Como dice Alessia Putin en su apasionado, pero razonado, alegato en defensa de Europa, El rearme occidental. Un nuevo impulso al orden liberal, actualmente la identidad se define por la “herida” pero no por el proyecto común, ni por todos aquellos logros por lo que debemos estar orgullosos. Esta retórica de la discordia, ni es nueva ni es sólo española. No lo olvidemos precisamente ahora, septuagésimo quinto aniversario de la declaración Schumann, con la que los padres europeos dieron una solución imaginativa y exitosa a una crisis envenenada como era la situación en la cuenca minera del Ruhr, gracias a la cual se hizo realidad uno de los mayores triunfos políticos de la humanidad: la Unión Europea. Ese descontento o pesimismo con nosotros mismos se extiende actualmente por las democracias occidentales, me temo que, animado por los enemigos de las sociedades abiertas.

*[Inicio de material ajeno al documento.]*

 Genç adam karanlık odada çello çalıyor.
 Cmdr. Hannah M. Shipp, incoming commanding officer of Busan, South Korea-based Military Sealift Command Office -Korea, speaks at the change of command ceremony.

Enemigos que tuvieron su canto del cisne en 2016, “año cero de los populismos”, con los referendos sobre el Brexit o Cataluña, el primer Trump, o la primera Secretaría General del PSOE de Pedro Sánchez antes de que le expulsaran del partido, entre otras cosas, por su proyecto de ruptura del pacto constitucional: “no es no”.
Llevamos por tanto diez años en los que como dice Ignacio Varela el sanchismo ha desterrado de los usos políticos cualquier mecanismo de concertación política y de lealtad institucional fomentando un “cisma bipolar”, código genético de su existencia, en el que no se deja de perder la ocasión para horadar la construcción del estado democrático, social y de derecho que nos dimos en 1978, y en el que entre otras cosas, se colocó en el centro de la acción política, la dignidad del ciudadano y la búsqueda del bien común. Precisamente lo que se cuenta en Consolidar la democracia. El Gobierno de Leopoldo Calvo-Sotelo (1981-1982) de los catedráticos Vidal Pelaz y Pablo López, donde se describe cómo Calvo-Sotelo no quiso condicionar el diseño autonómico consagrando la desigualdad de catalanes y vascos en un diseño “asimétrico” del Estado, como le hubieran agradecido parlamentariamente con sus votos los nacionalistas.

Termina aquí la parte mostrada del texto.